半分の情報しか持っていなかった参加者は、他のほとんどの人も自分と同じ決定をするだろうと思ったとも答えた。

適切さの幻想

研究チームは、すべての情報を持っていない場合でも自分が正しいと信じていることを「適切性の錯覚」と呼んでいます。

フレッチャーは、適切性の錯覚を次のように説明しています。「脳が知っていることが少ないほど、必要な情報はすべて知っているという自信が増します。これにより、必要な情報が不足しているにもかかわらず、決定に関する重要な事実をすべて把握していると思い込み、自信を持って結論を出し、断固たる判断を下す傾向があります。」

[関連:人々がソーシャルメディアでフェイクニュースを大量にシェアする本当の理由]

これらの発見は、素朴実在論の研究分野を補完するものでもあります。素朴実在論とは、個人の状況に対する主観的な理解が客観的な真実であるという信念です。素朴実在論の研究は通常、人々が同じ状況に対して異なる理解を持つことができる理由に焦点を当てています。しかし、情報の適切さの錯覚は、両者が十分な情報を持っている場合、人々は同じ理解を共有する可能性があることを示しています。

気が変わった?

研究チームは、参加者の中には、すべての事実を知った後、自分の決定について考えを変える意思のある者もいることを発見した。双方の意見を聞いた後の意見の割合は、対照群とほぼ同じで、約 55 パーセント対 45 パーセントだった。
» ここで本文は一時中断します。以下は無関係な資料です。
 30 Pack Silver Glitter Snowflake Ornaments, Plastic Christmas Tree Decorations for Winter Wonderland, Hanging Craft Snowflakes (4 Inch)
「人々に、一見一致しているように見える情報をいくつか与えれば、ほとんどの人は『それは正しいようだ』と言って、それに従うだろう」とフレッチャー氏は言う。

タイミングも役割を果たします。主な注意点は、研究対象者が最近形成された意見について考えを変えたことです。これらは深く根付いた考えではありませんでした。たとえば、この研究グループが死刑を中心に実施した 2 番目の研究は中止されました。

フレッチャー氏によると、誰かと意見が異なるときに情報の適切性という幻想と戦う最善の方法の 1 つは、立ち止まって「相手の視点を理解し、相手の立場をよりよく理解するのに役立つ何か見逃していることはないだろうか」と自問することです。

「これにより、不必要な対人関係の対立を排除し、自分と他人との間の実質的な違いを解決することにエネルギーを集中できるようになります」とフレッチャー氏は言います。

<<:  ビルマニシキヘビ狩りは暗闇で行うのがベスト

>>:  ダ・ヴィンチは正しかった:イタリアの城で秘密のトンネルが発見される

推薦する

奇妙な食虫植物は超効率的なゲノムを持っている

ヒメウナギツカミは、その名前と同じくらい奇妙な花です。浅瀬に敷き詰めて生育し、本当の根はなく、水中に...

NASAは、新しい巨大ロケットの最初の打ち上げに宇宙飛行士を乗せたいと考えている。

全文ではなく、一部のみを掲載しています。